- _Data to examine_
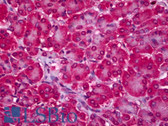 Anti-RTKN2 Antibody (clone 2C2) IHC-plus LS-B6720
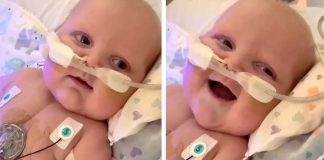 Beba se prvi put smije nakon dvije operacije srca i moždanog udara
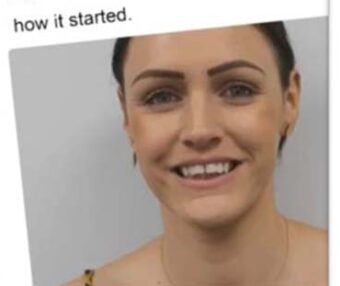 Before - Tooth Talk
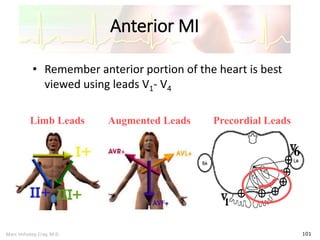 Marc Imhotep Cray, M.D.
Anterior MI
101
• Remember anterior portion of the heart is best
viewed using leads V1- V4
Limb Leads Augmented Leads Precordial Leads
 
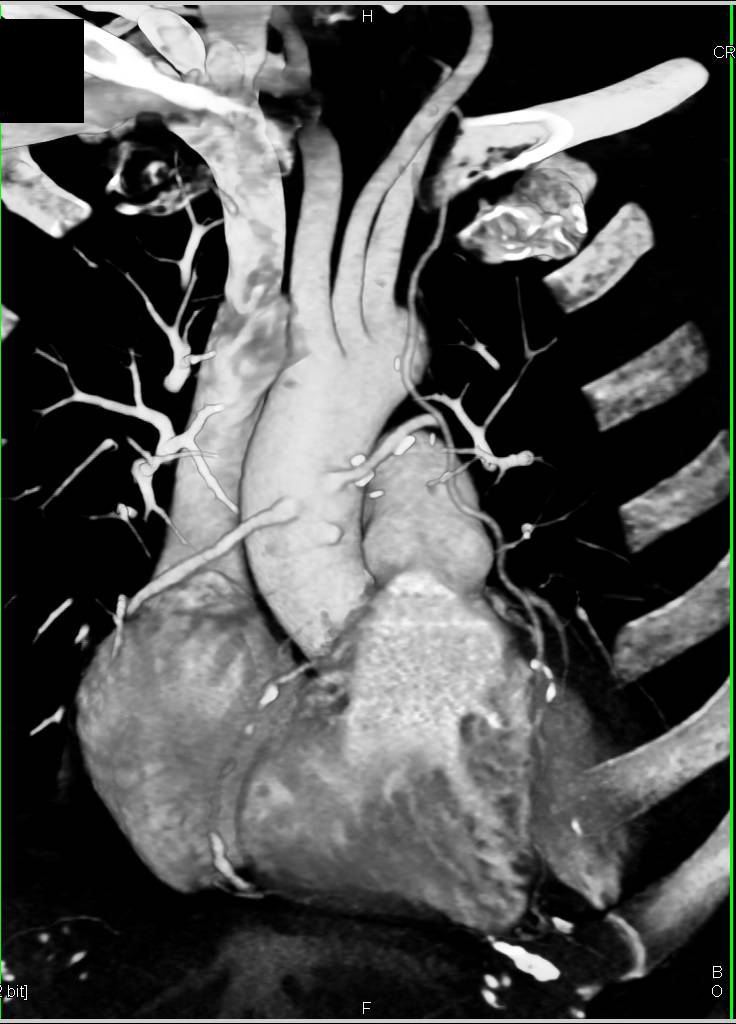 CCTA: Coronary Artery Bypasses with LIMA and 3 Venous Grafts , Two of Which are Still Patent - CTisus CT Scan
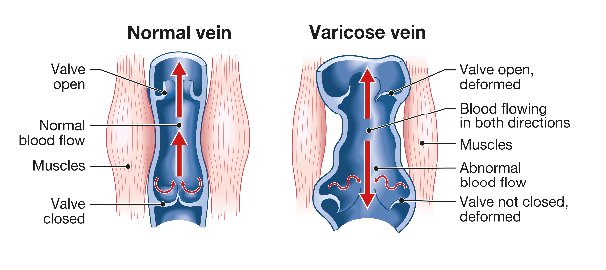 Varicose veins Varicose veins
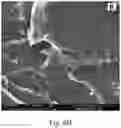 Fig. 18 - Double-layered denture comprising nanoparticles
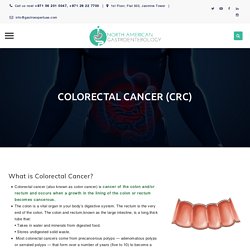 COLORECTAL CANCER (CRC) – GastroEntrology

- _How to complete this task_
When you reproduce the material, keep every word exact and leave each picture out.

- _Reply_
 Anti-RTKN2 Antibody (clone 2C2) IHC-plus LS-B6720
 Beba se prvi put smije nakon dvije operacije srca i moždanog udara
 Before - Tooth Talk
 Marc Imhotep Cray, M.D.
Anterior MI
101
• Remember anterior portion of the heart is best
viewed using leads V1- V4
Limb Leads Augmented Leads Precordial Leads
 
 CCTA: Coronary Artery Bypasses with LIMA and 3 Venous Grafts , Two of Which are Still Patent - CTisus CT Scan
 Varicose veins Varicose veins
 Fig. 18 - Double-layered denture comprising nanoparticles
 COLORECTAL CANCER (CRC) – GastroEntrology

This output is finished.